The company’s shares witnessed a brief spike last month after chairman Hussain Sajwani gave an interview to Bloomberg at Davos in which he talked about investing up to $1.3 billion in property in London, but fell again when the company clarified that Sajwani was talking about his plans as an international investor, as opposed to his role as Damac chairman.
Kassabieh believes overseas expansion should be a priority for UAE developers – most of whom are either heavily or exclusively concentrated in their home market.
“I know we have a lot of desert left, and there are a lot of areas left to be built, but the market is saturated – especially in terms of investment opportunities,” he said.
Union Properties, meanwhile, said on Thursday that it had made a profit of 62.33 million dirhams in 2018 and said shareholders’ equity increased by 452 million, but it did not disclose revenues or give any more detail on how the increase in shareholders’ equity was achieved.
Kassabieh said that given the large write-offs the company declared in 2017 (after a new masterplan was created for Motor City with a smaller patch of developable land), this could have been achieved through a reversal of provisions and that more detailed statements were required before a judgment could be made on its performance. Its shares are 9.2 percent lower so far this year.
Last month, real estate consultancy JLL MENA’s head of research, Craig Plumb, told Zawya that he expects that “around half” of the 62,000 units scheduled to complete this year will be built. If 31,000 units are delivered, this would represent the highest level of completions in Dubai in a single year, he added.
Another real estate consultancy, Core, said that it expects around 28,500 units to complete this year, stating that prices and rents “will remain under pressure” given the existing vacant or unsold stock in the market.

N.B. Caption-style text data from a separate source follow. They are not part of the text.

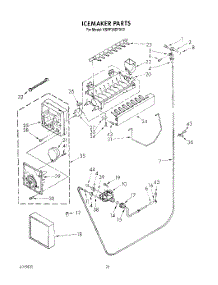 16 - Icemaker parts for Kitchenaid Refrigerator KSRF36DTX02 from AppliancePartsPros.com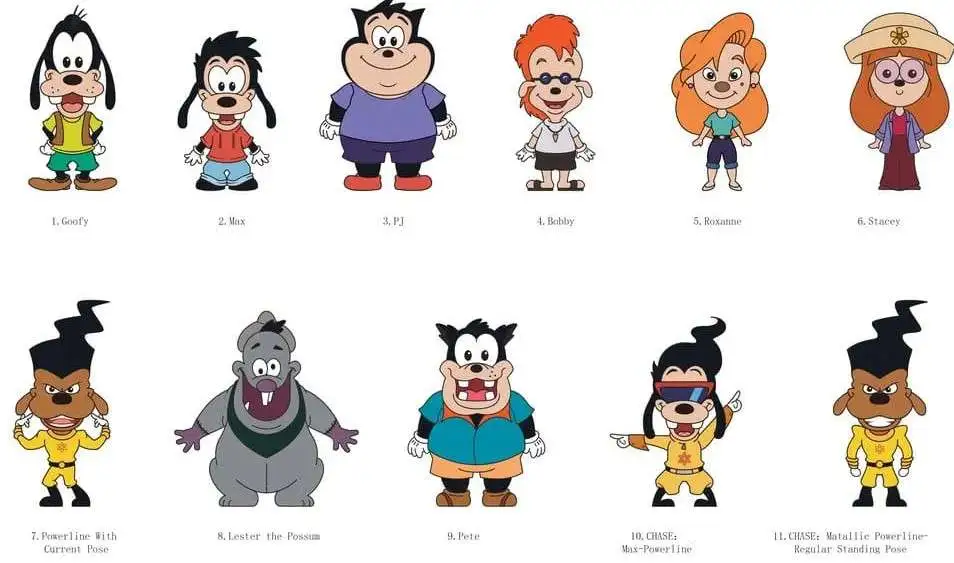 Disney 3D Figural Keyring Disney Series 74 Goofy Movie Mystery Box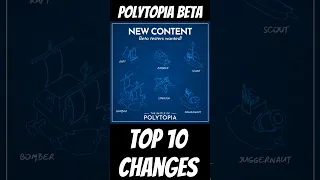 TOP 10 Biggest POLYTOPIA BETA Changes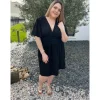 ROBE MARLENE PULPEUSE - NOIR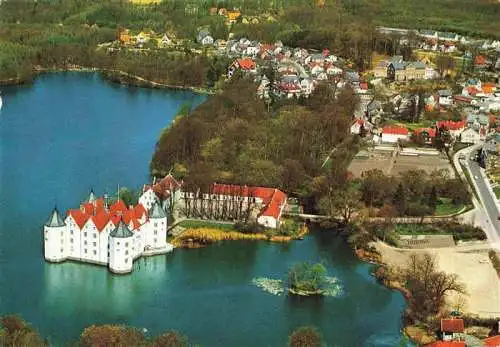 AK / Ansichtskarte  Gluecksburg__Ostseebad Fliegeraufnahme mit Schloss Gluecksburg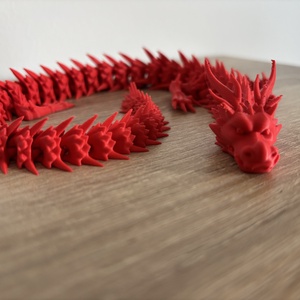 3D nyomtatott mozgatható sárkány - Meska.hu
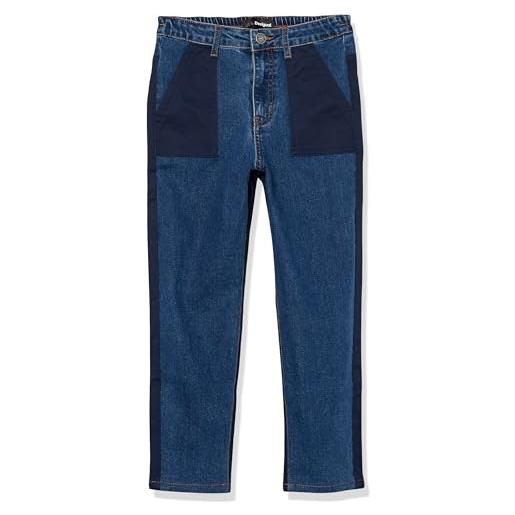 Desigual denim_ame pantaloni casual, blu, l bambino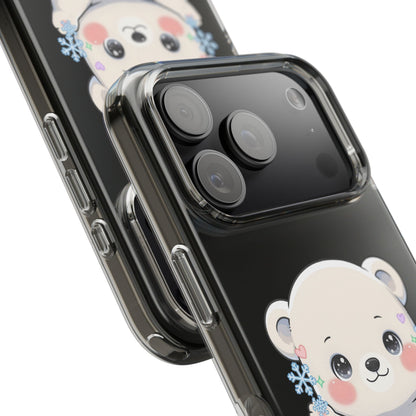 Kawaii Polar Bear Phone Case for a Cozy Winter Gift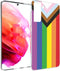 imoshion Hoesje Geschikt voor Samsung Galaxy S21 FE Hoesje Siliconen - imoshion Design hoesje - Meerkleurig / Rainbow Flag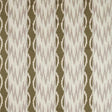 Zoffany Embroidered Ikat Stripe Green Stone Fabric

Kassabieh said that for luxury developers, particularly, there will be pressure to make sure units are sold either before or as they complete.
“Developers will need to opt for payment plans just to get rid of the units. If they hold for too long, especially the ones that are advertised as luxurious, these units will depreciate very fast.”

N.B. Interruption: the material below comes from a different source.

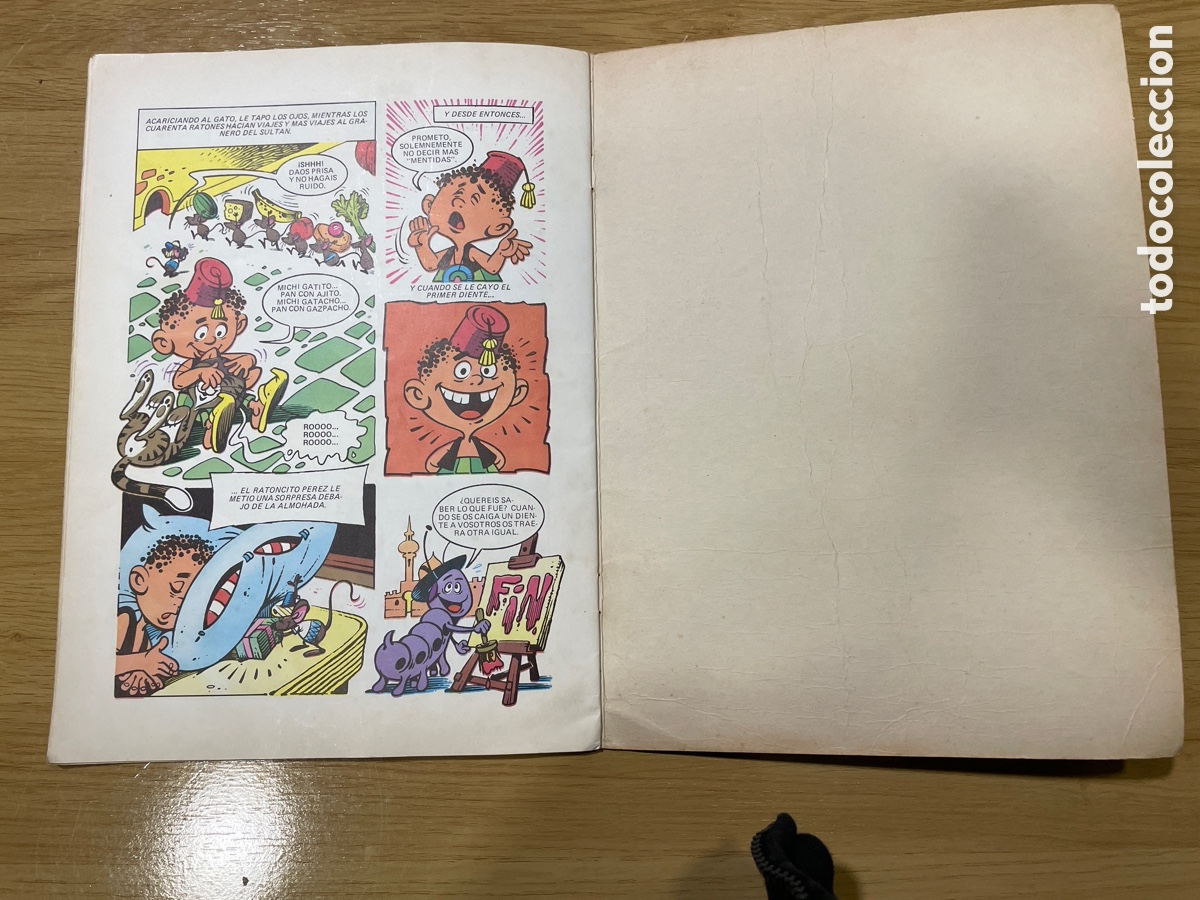 C&oacute;mics: Cientos m&aacute;gicos num5 Ediciones Recreativas Al&iacute; beb&eacute; y los 40 ratones 1984 - Foto 4
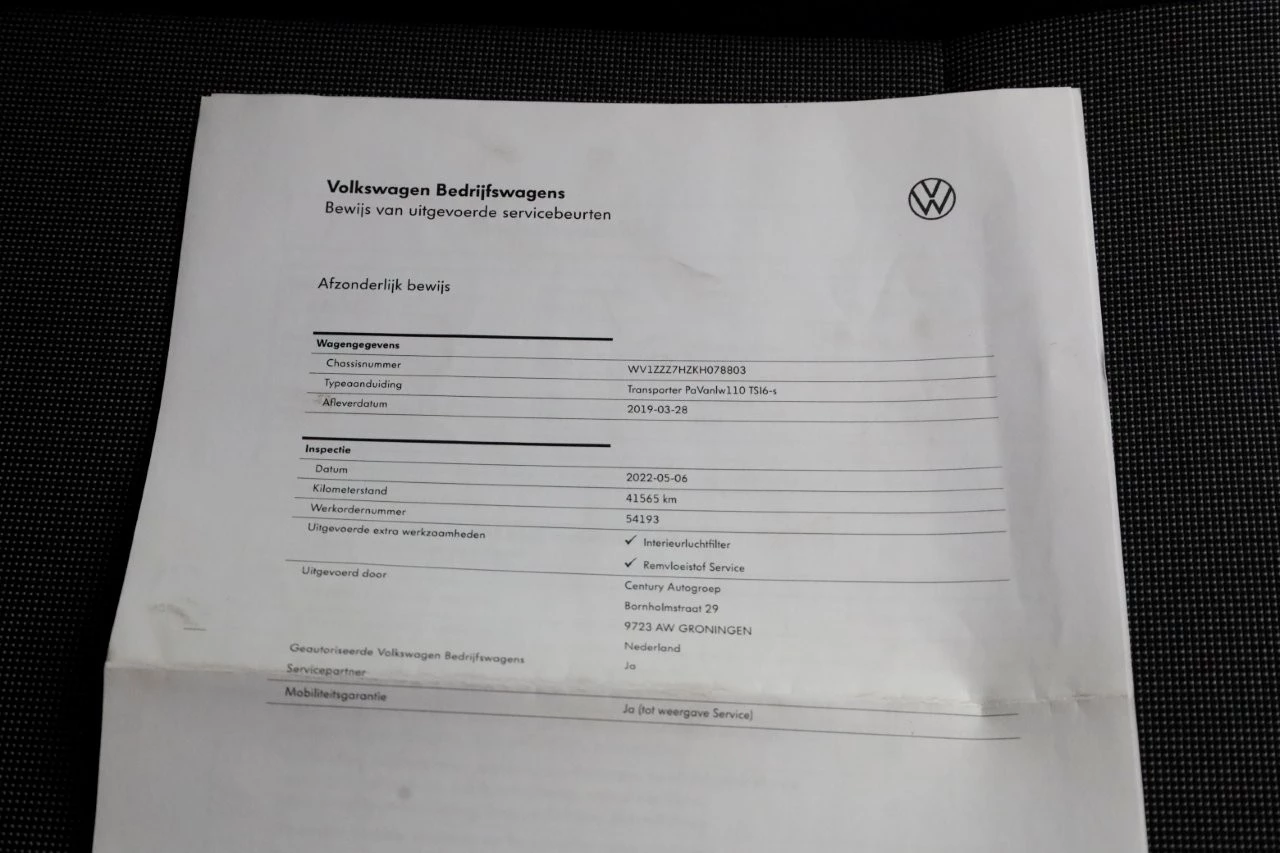 Hoofdafbeelding Volkswagen Transporter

Ansari predicts that 2019 “is going to be another tough year” for the Dubai real estate market in particular.
“The supply overhang will continue to play on sentiment. It’s difficult to imagine prices recovering in 2019 – at best, they can bottom out and maintain that trajectory before we start seeing traction in a couple of years,” he argued.

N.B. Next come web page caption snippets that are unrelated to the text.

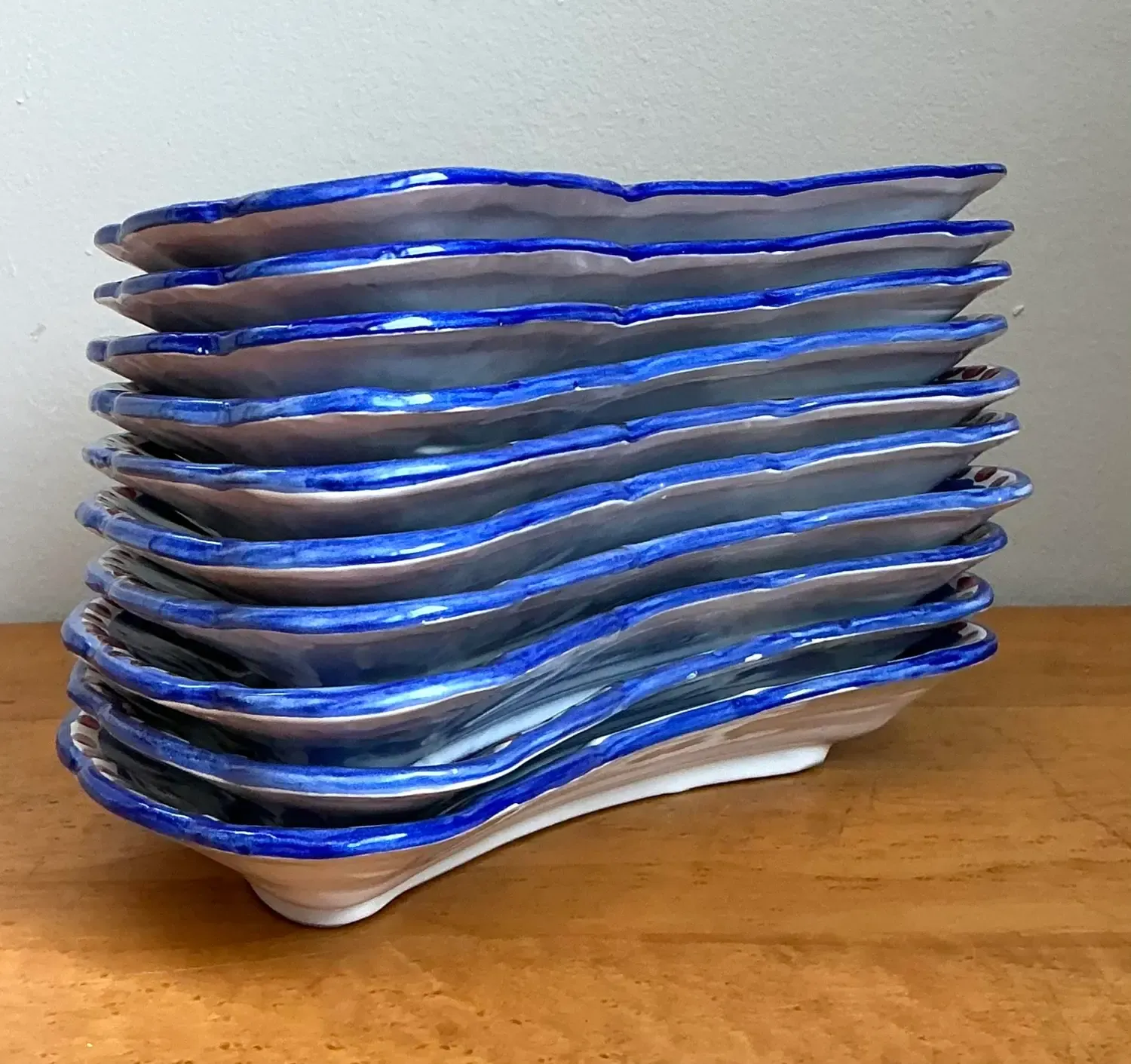 Vintage Italian Solimine Glazed Ceramic Salad Plate - Set of 10 — additional photo 1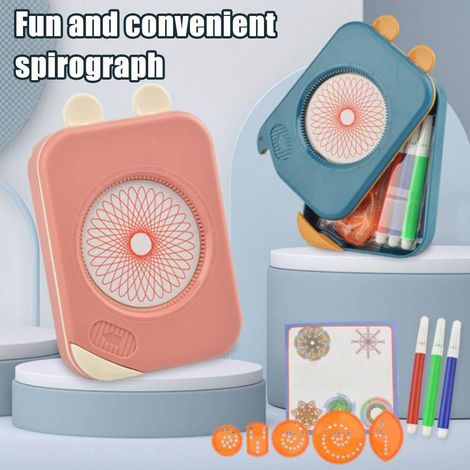 Zeichenset für Kinder, Kunststoff-Malvorlage, Lineal-Set, Zahnrad-Spiral-Zeichenwerkzeug, Lernspielzeug (1/5)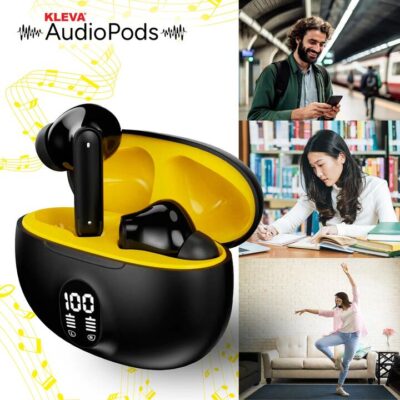 Kleva True Wireless Noise Cancelling AudioPods with Charging Case - Buy One Get One FREE!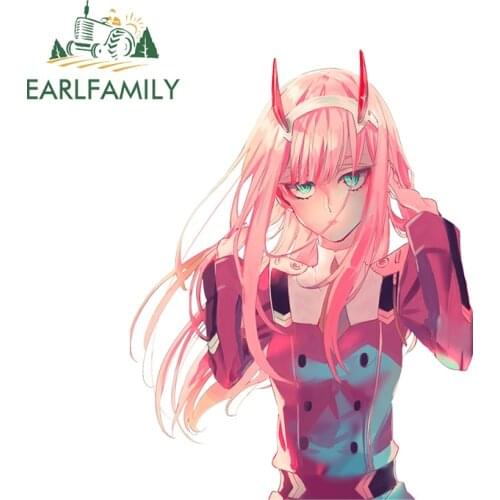 EARLFAMILY 13cm x 9.9cm for Darling in the FRANXX Vinyl Car Stickers Motorcycle Refrigerator Decal Creativite Sunscreen Decor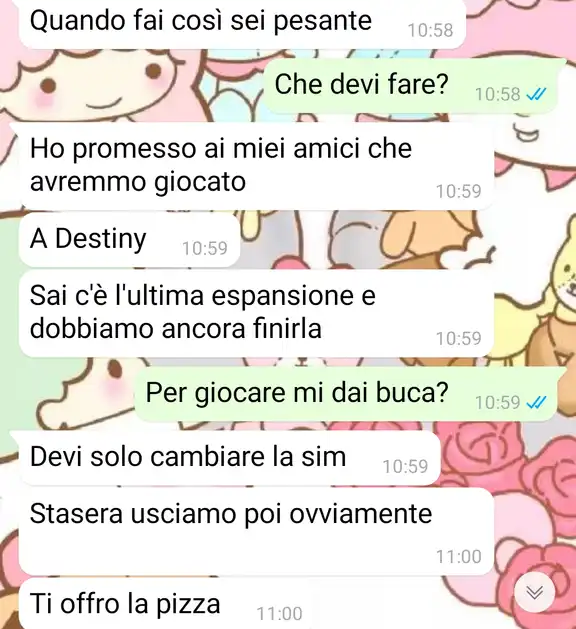 Un tradimento ammesso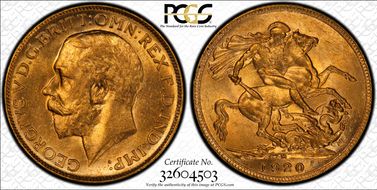 1920-M Sov S-3999 MS62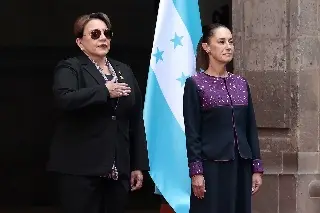 Sheinbaum despide a presidenta de Honduras, elogia su trabajo y agradece relación bilateral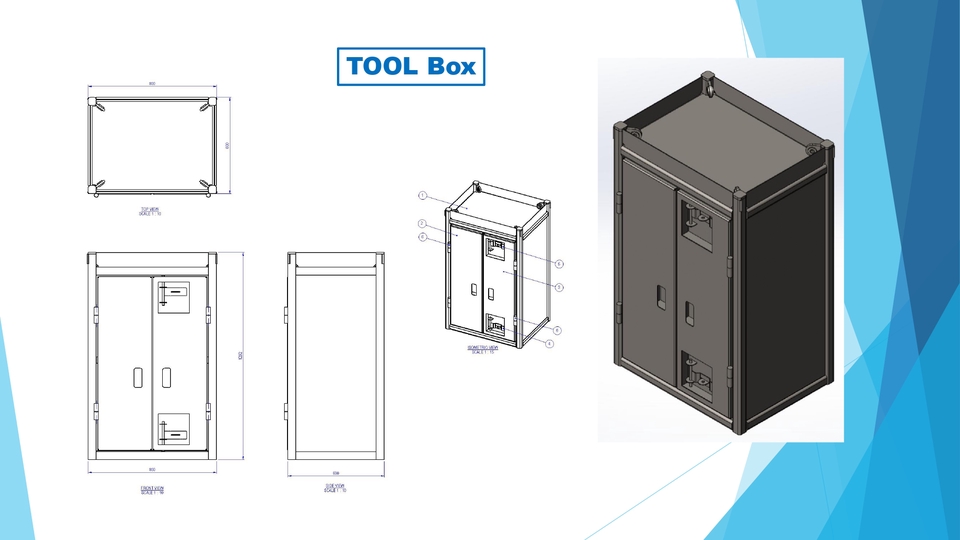 เขียนแบบวิศวกรรมและออกแบบโครงสร้าง - รับเขียนแบบ แก้แบบ ดราฟแบบ 2D 3D ด้วยโปรแกรม Solidworks, AutoCAD - 24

Even so, he believes that the decline in valuation experienced by some developers has been overdone.
“Things are not as bad as stock prices reflect,” Ansari said.
Century Financial’s John agrees. He said that the pause in interest rate hikes by the US Federal Reserve and a more dovish approach by the European central bank will mean investors “are likely to increase inflows to high-yielding rental assets like those in (the) UAE, which have suffered a significant price correction”.
Kassabieh maintains that fortunes may be more easily sought outside the Emirates.
“If we see some investments being done by these local companies in Saudi or in Europe – maybe in China – that would also be interesting,” he argued.